Astra Space could face a class-action lawsuit for misleading investors

The Rosen Law Firm has opened an investigation into Astra Space, Inc. [NASDAQ: ASTR] due to allegations that Astra presented misleading material to the public. Astra’s stock price plummeted following the report by market analyst Kerrisdale Capital, a short seller of Astra Space.

Astra Space went public on the NASDAQ on June 30, 2021, and finished its day at $12.90 a share. Valued at $2 billion, Astra Space is working on its launch vehicle to carry payloads up to 500kg to orbit. Following its first successful launch to orbit, the company announced its first launch from Florida. Astra also has plans to build its own satellite constellation in the future. In the meantime, Kerrisdale Capital has published a report entitled “Astra Space Inc (ASTR): Headed For Dis-Astra,” which looks into Astra’s claims and market predictions. From Kerrisdale Capital’s standpoint, Astra faces massive obstacles to becoming a viable business and has nonsense launch projections.

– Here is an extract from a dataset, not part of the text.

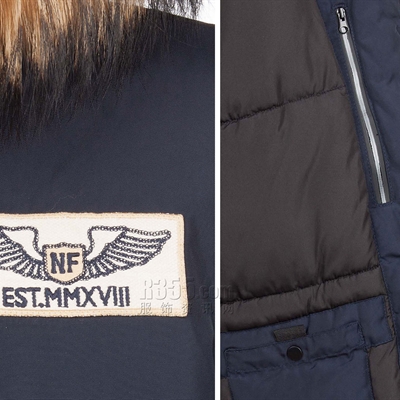 市场上装-棉衣/羽绒服-商务棉衣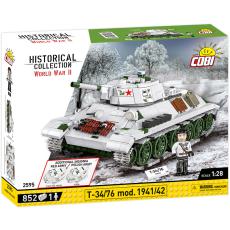 COBI 2595 Panzer T-34/76 mod. 1941/42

Kerrsidale Capital’s Report

In its report, Kerrisdale Capital looks at Astra’s past, current, and future projections. We’re going to take a look at some executive summaries and break down what we can. It should be noted that I am not a Financial Advisor, and this is not financial advice. We recommend reading this report should you be interested in the full context.

Astra is falling behind its competitors. Multiple industry executives we interviewed, who routinely secure launch services for small satellite manufacturers on a global basis, agree that Astra’s rocket dimensions and payload capacity are well below the “sweet spot” of customer needs. Rocket Lab, Relativity, ABL, and Firefly all have plausible plans to produce 1,000kg+ rockets that will be entering the market in the near term; by contrast, Astra aspires to produce a 500kg rocket two years from now. Astra’s attempt to catch up is self-evident. Shortly after its SPAC announcement, Astra publicly disclosed (without any credible technological explanation) an increase in the targeted capacity of its rockets; shortly thereafter, and surely to Astra’s embarrassment, the public learned that Astra had entered into an agreement allowing it limited access to study one of its competitor’s rocket engine IP in exchange for $30m.

The agreement referred in the report is a deal Astra made with Firefly Aerospace. First reported by The Verge, this deal involves Firefly Aerospace giving Astra access to its IP for the Reaver rocket engine. The deal also involved Firefly sending Astra engines to inspect. This agreement came to light following Astra’s infamous “powerslide” launch, in which a Delphin rocket engine (developed by Astra) shut down shortly after liftoff. This launch was aborted early into flight.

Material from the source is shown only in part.